Mengenal Rakhine Rohingya, Persentase Agama dan Etnis
Rohingya menjadi kelompok etnis yang tertindas. Foto/Reuters
A A A
YANGON - Kelompok Rakhine Rohingya hingga saat ini menganggap dirinya sebagai kelompok minoritas yang paling teraniaya dan tertindas di dunia. Mereka kerap mencari perlindungan di beberapa negara di Asia, termasuk Indonesia.

Keberadaan mereka di negara tetangga tentu menimbulkan berbagai gejala dan konflik internal, sehingga setiap negara yang mereka kunjungi selalu menolaknya. Mereka pun terus bepergian ke setiap negara untuk mencari tempat persinggahan.

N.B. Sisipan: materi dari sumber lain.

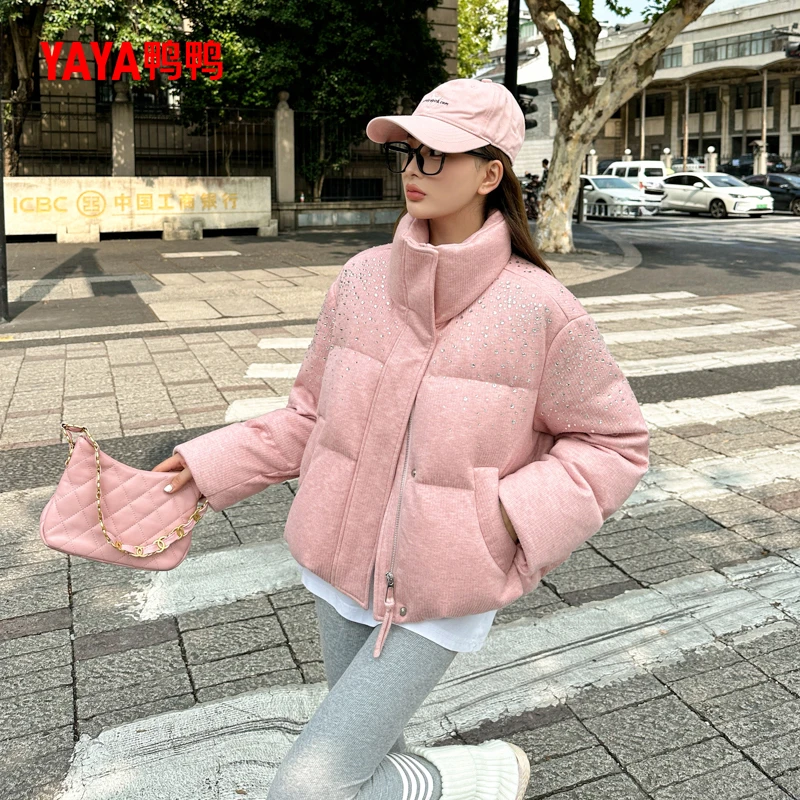 YAYA/鸭鸭2025冬季满天星ins学生保暖烫钻羽绒服韩版时尚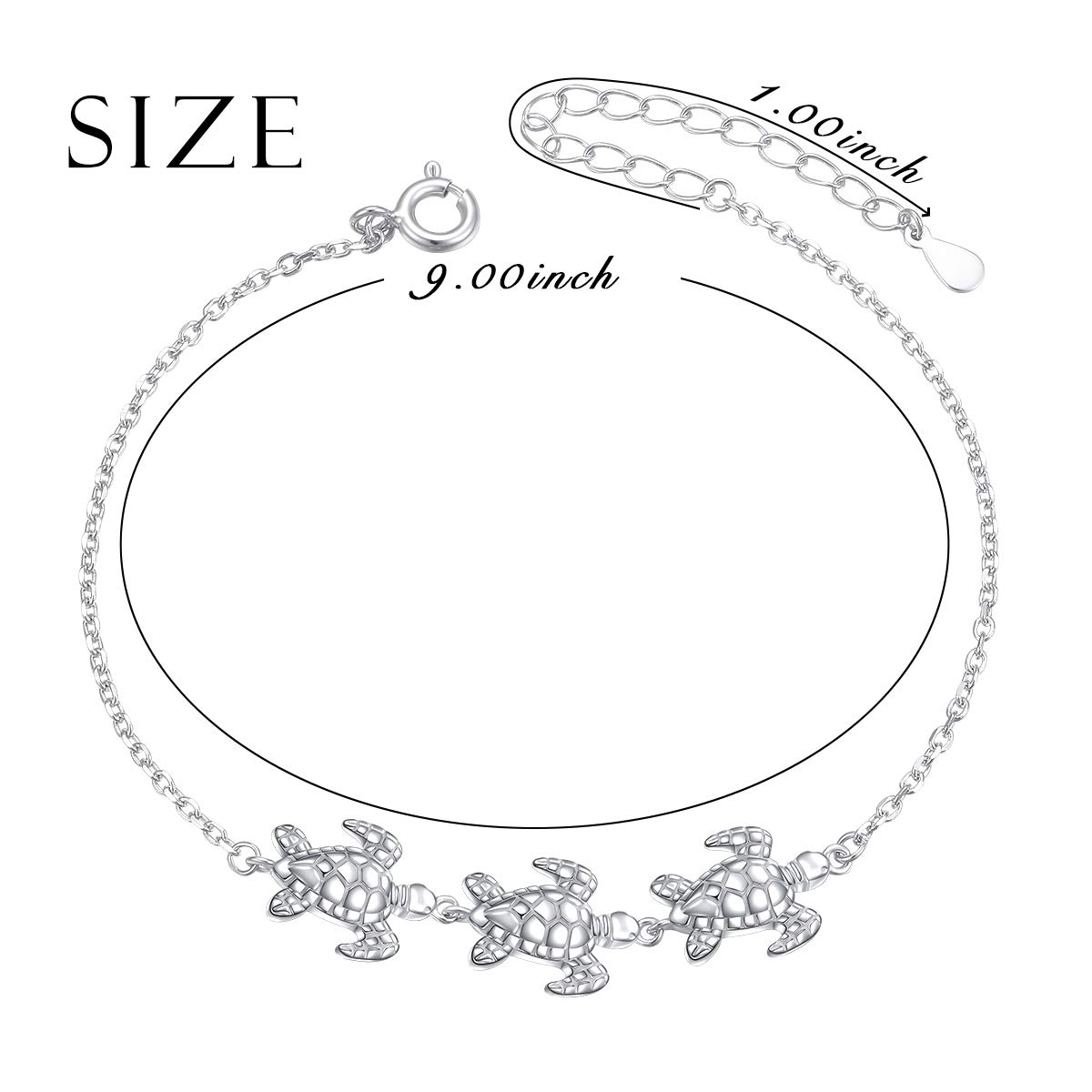 (Salute e longevità) Cavigliera a forma di cuore per donne e ragazze adolescenti in argento Sterling regolabile con tartaruga piede mare/rana animale cavigliera gioielli 22,5 cm miglior regalo di compleanno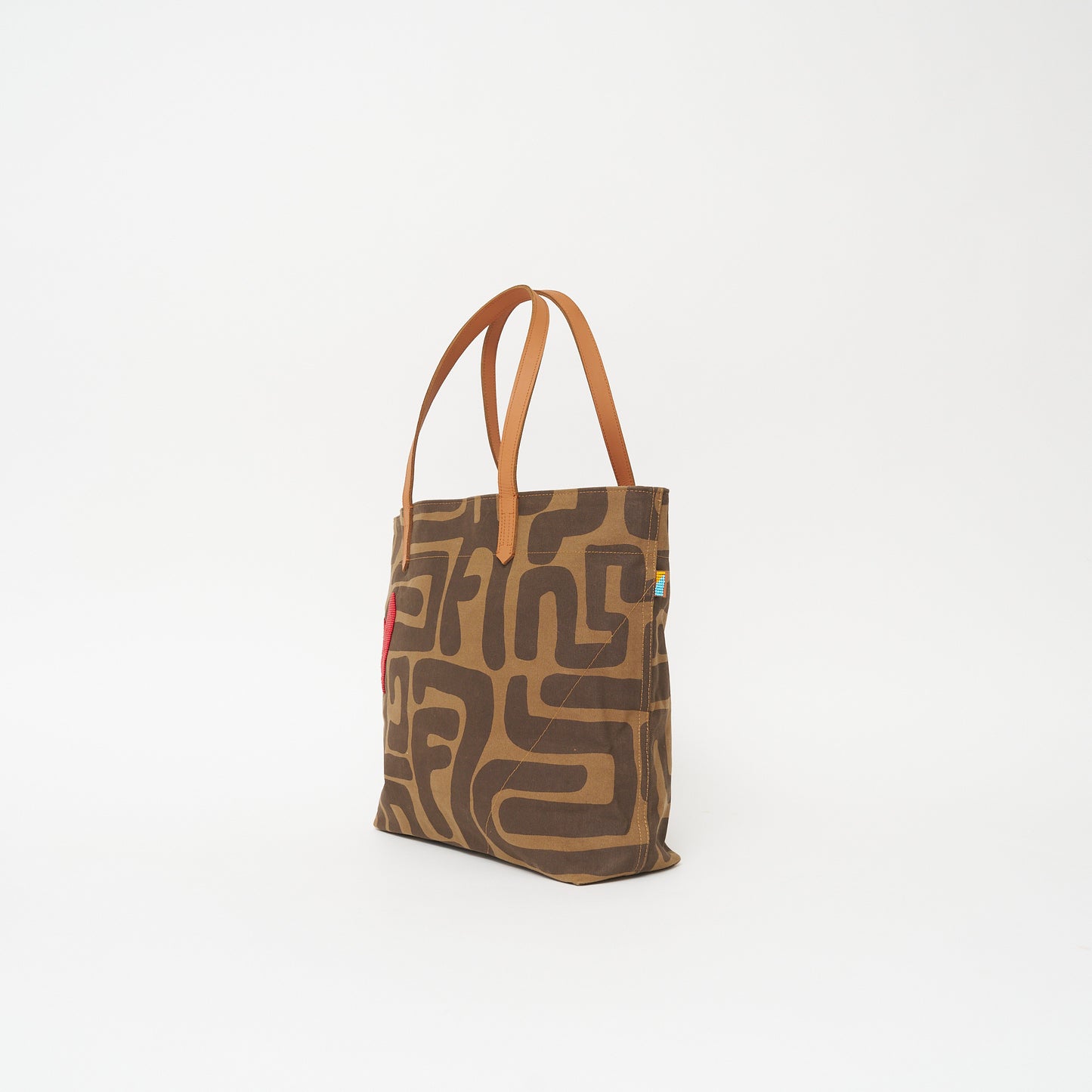 Go To Tote - Coffee Kuba with Red Beaded Heart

Hal yang dialami kelompok Rohingya itu membuat sejumlah warganet heran mengapa mereka melakukan hal seperti itu. Agar mengetahui lebih dalam tentang Rohingya itu, simak ulasan lengkap berikut ini.

Mengenal Rakhine Rohingya

Rakhine Rohingya adalah sebuah kelompok etnis yang mayoritas beragama Islam dan tinggal di negara bagian Rakhine, Myanmar. Rakhine, yang dulunya disebut Arakan, merupakan wilayah yang berbatasan langsung dengan Teluk Benggala dan Bangladesh.

Rakhine memiliki sejarah yang panjang dan kompleks sebagai pusat perdagangan dan kerajaan yang berdiri sejak abad ke-4 Masehi. Menurut sensus Myanmar tahun 2014, Rakhine memiliki populasi sekitar 3,2 juta jiwa, yang terdiri dari 63,1 persen etnis Rakhine, 28,3 persen etnis Rohingya, dan 8,6 persen etnis lainnya.

Namun, sensus ini tidak diakui oleh banyak pihak, termasuk pemerintah Myanmar sendiri, karena dianggap tidak akurat dan tidak mencerminkan realitas di lapangan. Dikutip dari aljazeera,eEtnis Rohingya sendiri tidak diakui sebagai salah satu dari 135 kelompok etnis resmi di Myanmar.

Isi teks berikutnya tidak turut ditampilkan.